▶ Material for the task
..............................

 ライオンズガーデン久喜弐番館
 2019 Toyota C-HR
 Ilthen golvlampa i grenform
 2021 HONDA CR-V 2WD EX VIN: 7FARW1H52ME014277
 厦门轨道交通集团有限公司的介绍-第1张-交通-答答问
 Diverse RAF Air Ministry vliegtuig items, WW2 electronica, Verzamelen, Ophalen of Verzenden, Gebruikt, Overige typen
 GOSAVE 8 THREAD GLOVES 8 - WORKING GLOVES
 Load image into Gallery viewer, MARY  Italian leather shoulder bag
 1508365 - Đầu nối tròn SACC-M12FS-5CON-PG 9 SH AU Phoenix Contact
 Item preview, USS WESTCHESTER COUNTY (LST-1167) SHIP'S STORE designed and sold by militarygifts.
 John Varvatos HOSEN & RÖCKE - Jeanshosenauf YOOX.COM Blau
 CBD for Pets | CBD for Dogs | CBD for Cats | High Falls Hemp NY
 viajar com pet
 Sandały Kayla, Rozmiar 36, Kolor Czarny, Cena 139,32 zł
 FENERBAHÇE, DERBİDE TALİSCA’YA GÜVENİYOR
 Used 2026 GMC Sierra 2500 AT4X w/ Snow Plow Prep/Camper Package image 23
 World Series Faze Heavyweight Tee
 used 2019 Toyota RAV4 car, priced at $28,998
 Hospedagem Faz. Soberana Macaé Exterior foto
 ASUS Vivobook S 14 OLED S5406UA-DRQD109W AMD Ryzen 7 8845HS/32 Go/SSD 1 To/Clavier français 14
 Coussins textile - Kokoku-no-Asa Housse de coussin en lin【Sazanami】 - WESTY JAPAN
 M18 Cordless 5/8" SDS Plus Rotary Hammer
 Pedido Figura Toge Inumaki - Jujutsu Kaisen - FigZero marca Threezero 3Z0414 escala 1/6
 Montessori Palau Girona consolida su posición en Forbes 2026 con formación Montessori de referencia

..............................

▶ What you will do
Every line above that holds the string "image" should be copied out.

▶ The answer
 Load image into Gallery viewer, MARY  Italian leather shoulder bag
 Used 2026 GMC Sierra 2500 AT4X w/ Snow Plow Prep/Camper Package image 23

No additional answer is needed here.